_Work instructions_.
Leaving out the images, reproduce every line of the data that follows exactly.

.....

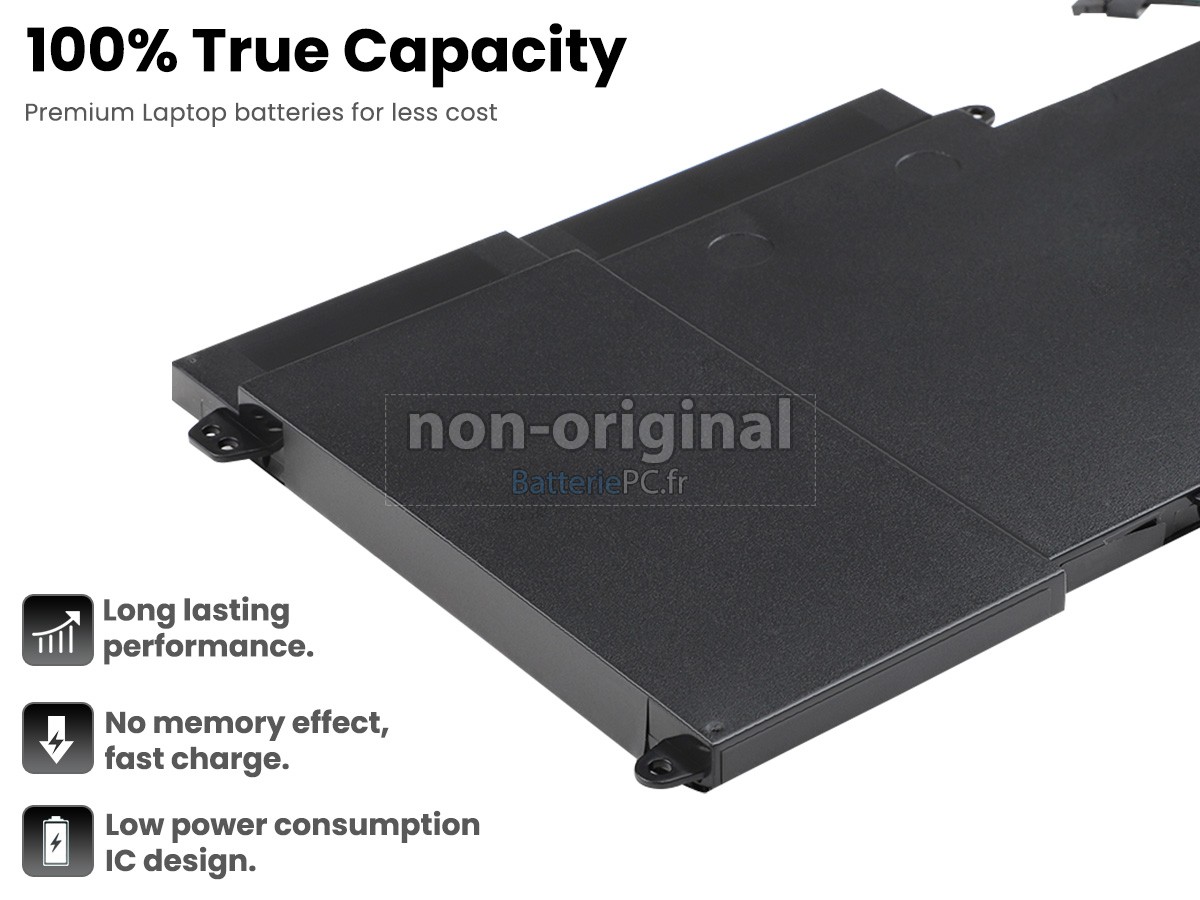 batterie pour Asus ZenBook UX51VZ-XH71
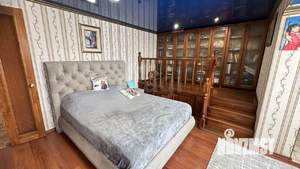 3-к квартира, вторичка, 97м2, 8/10 этаж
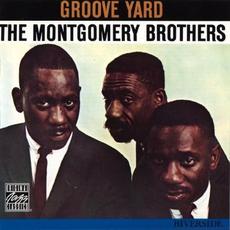 Groove Yard mp3 Album by The Montgomery Brothers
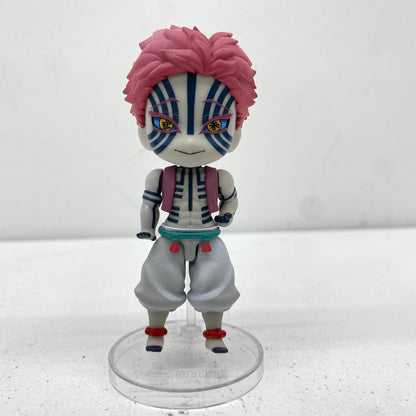 Figuarts mini 鬼滅の刃 猗窩座 **
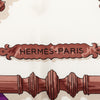 Hermès scarf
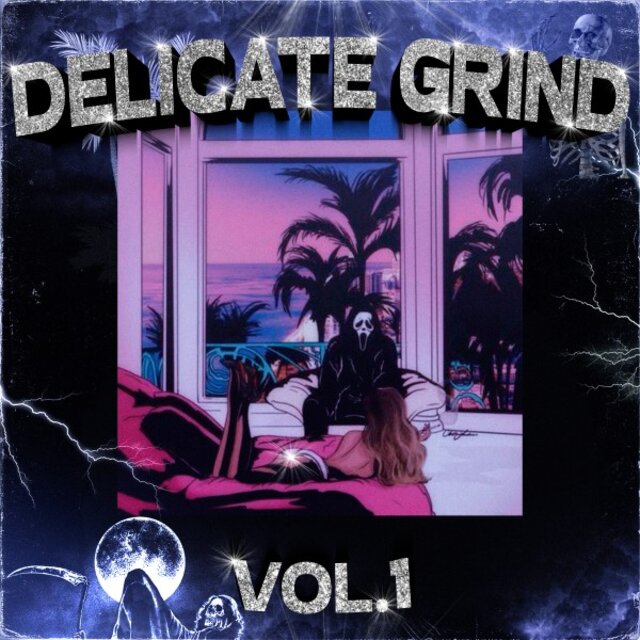 Delicate Grind (Vol. 1)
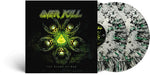 Overkill - The Wings of War (Splatter Vinyl)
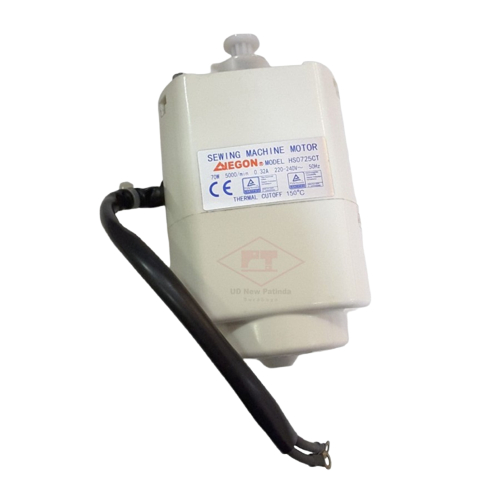 Dinamo Motor Mesin Jahit Portable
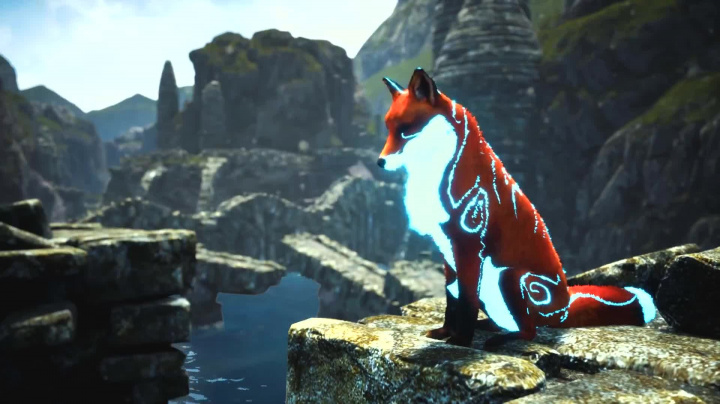 Spirit of the North - Debut Trailer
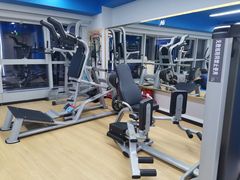 -N1 健身·普拉提·综合馆(嘉美中心店)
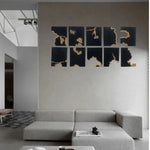 Load image into Gallery viewer, PALETTE WALL ART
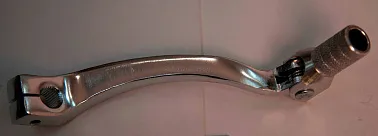 Лапка КПП J5/J5UP/M2/M8  10010120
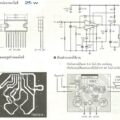 Entegre Ses Amplifikatörleri Devre Arşivi (+PCB) 9 tda1514an-7-25w-pcb-schematic-circuit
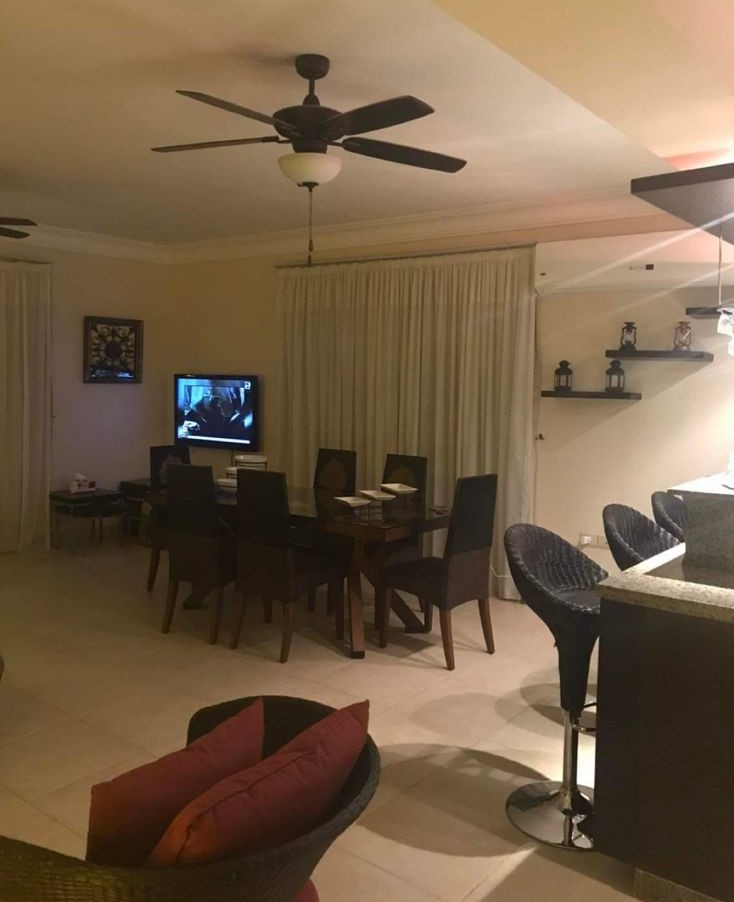 chalet at LA Vista 5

.....

_Problem solution_.
 batterie pour Asus ZenBook UX51VZ-XH71
 3-к квартира, вторичка, 97м2, 8/10 этаж
 Groove Yard mp3 Album by The Montgomery Brothers
 Figuarts mini 鬼滅の刃 猗窩座 **
 Hermès scarf
 Delicate Grind (Vol. 1)
 Overkill - The Wings of War (Splatter Vinyl)
 Dinamo Motor Mesin Jahit Portable
 Spirit of the North - Debut Trailer
 -N1 健身·普拉提·综合馆(嘉美中心店)
 Load image into Gallery viewer, PALETTE WALL ART
 Лапка КПП J5/J5UP/M2/M8  10010120
 Entegre Ses Amplifikatörleri Devre Arşivi (+PCB) 9 tda1514an-7-25w-pcb-schematic-circuit
 chalet at LA Vista 5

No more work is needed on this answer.